Post Number: 2058
|Posted on Thursday, January 04, 2007 - 1:31 am: || |
The Detroit auto show draws near, and the US auto firms are predicted to keep on hurting badly for the next half decade...
AP story referred by Forbes:
"Auto executives worldwide expect slower North American sales growth and more parts supplier bankruptcies during the next five years, according to a survey taken by the auditing and consulting firm KPMG LLP.
They also see high fuel prices permanently etched in consumers' minds, sending them away from trucks and sport utility vehicles to hybrids and low-cost cars, and that doesn't bode well for Detroit's Big Three, according to the survey being released Thursday."

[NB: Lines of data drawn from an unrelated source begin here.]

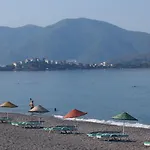 Hotel Letoon Calis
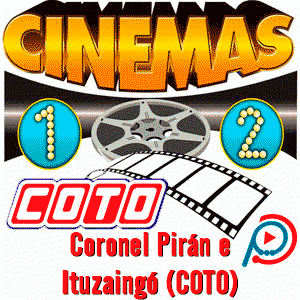 Por un puñado de dolares (1964) | DVD Parana - To Be Or Not To Be That's The Question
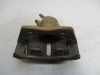 Bremssattel Bremszange links vorn JAGUAR X-TYPE KOMBI 04-07 96 KW 0204Y01125 Bild Bremssattel Bremszange links vorn JAGUAR X-TYPE KOMBI 04-07 96 KW 0204Y01125
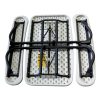 Gyermek piknik szett 83 cm 280094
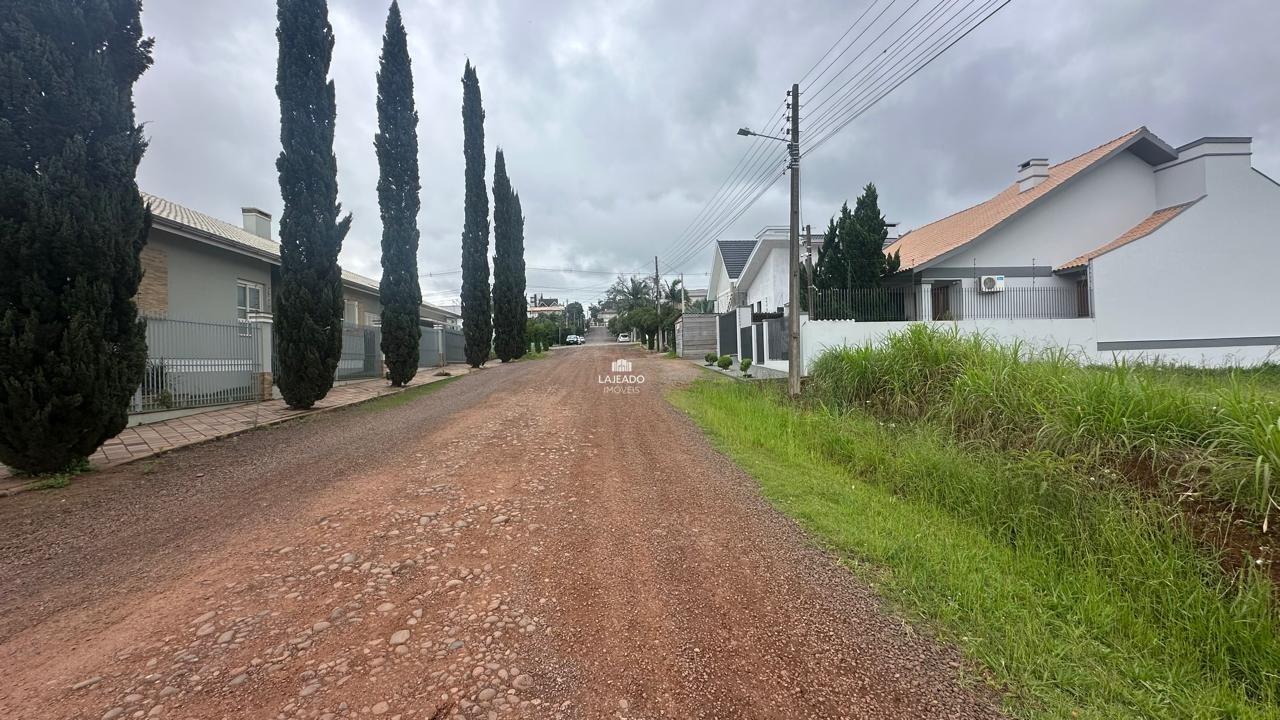 Terreno, 360 m² - Foto 2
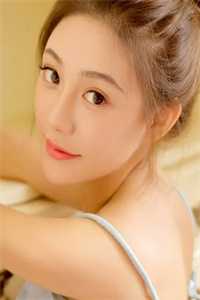 王晓东重启九十年代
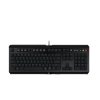 雷蛇（Razer）二角尘蛛+地狱狂蛇 游戏键鼠套装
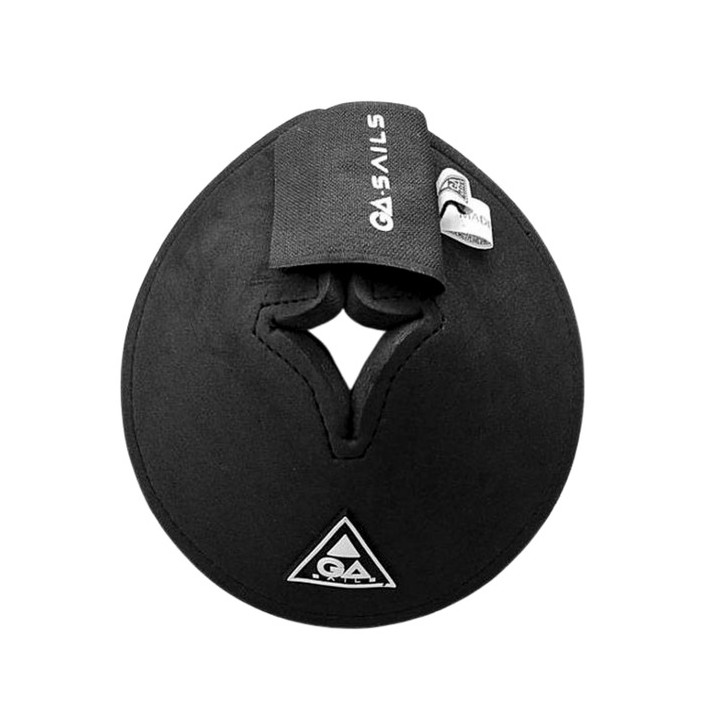 Base protector Gaastra Volcano Pad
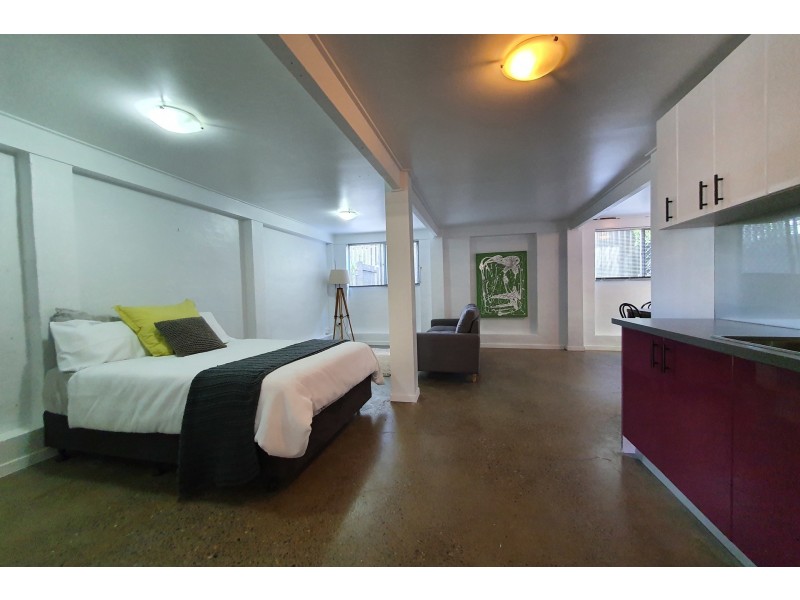 38 Ivymount Street, Nathan QLD 4111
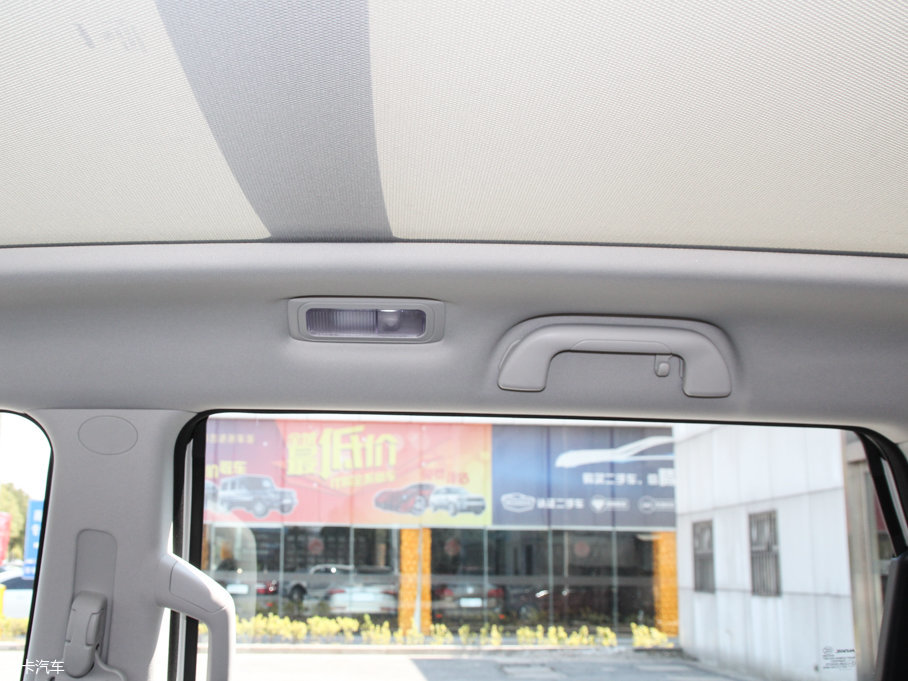 2017H6 Coupe t 2.0T pxσ򌶼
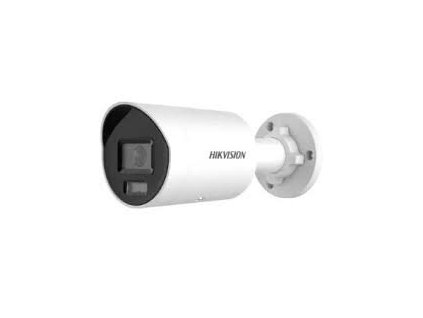 Hikvision DS-2CD2047G2H-LIU(2.8mm)(eF)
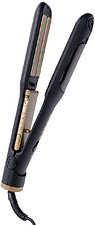 Выпрямитель Gezatone MS109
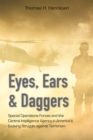 Image for Eyes, Ears, and Daggers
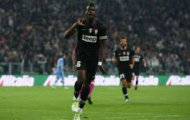 PSG ra giá 40 triệu euro dành cho Pogba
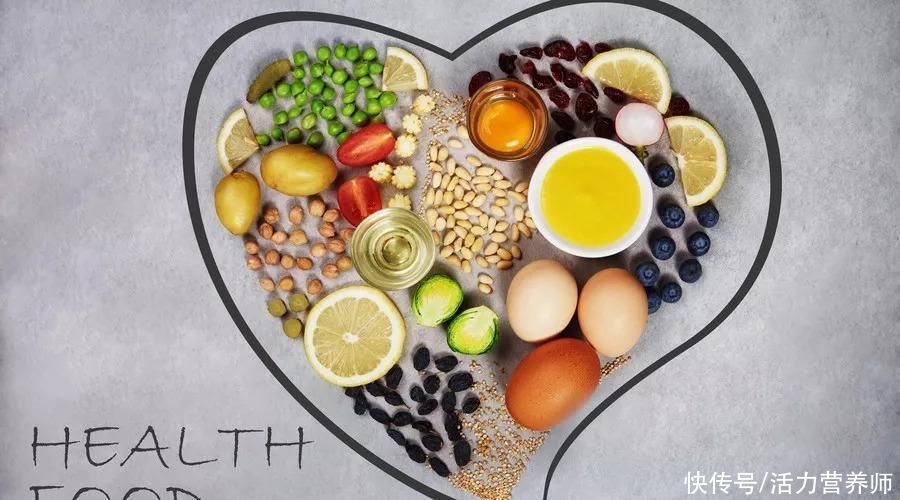 保护肾脏健康，远离尿毒症怎么做？营养师总结出4条经验，可收藏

"Fifty-six percent of the executives predicted more bankruptcies in the next five years as the industry continues to shake out weaker companies, while 31 percent said bankruptcies would remain the same as this year."
"The executives think that Asian brands will continue to grow worldwide during the next five years at the expense of U.S. brands. Seventy-one percent said the market share of the North American brands would decline worldwide during the next five years as demand for cars in developing markets continues to grow.
They also predict that Chinese brands will start to capture a significant share of the worldwide market, and that U.S. brands are not positioned as well to sell vehicles in emerging markets, the survey said."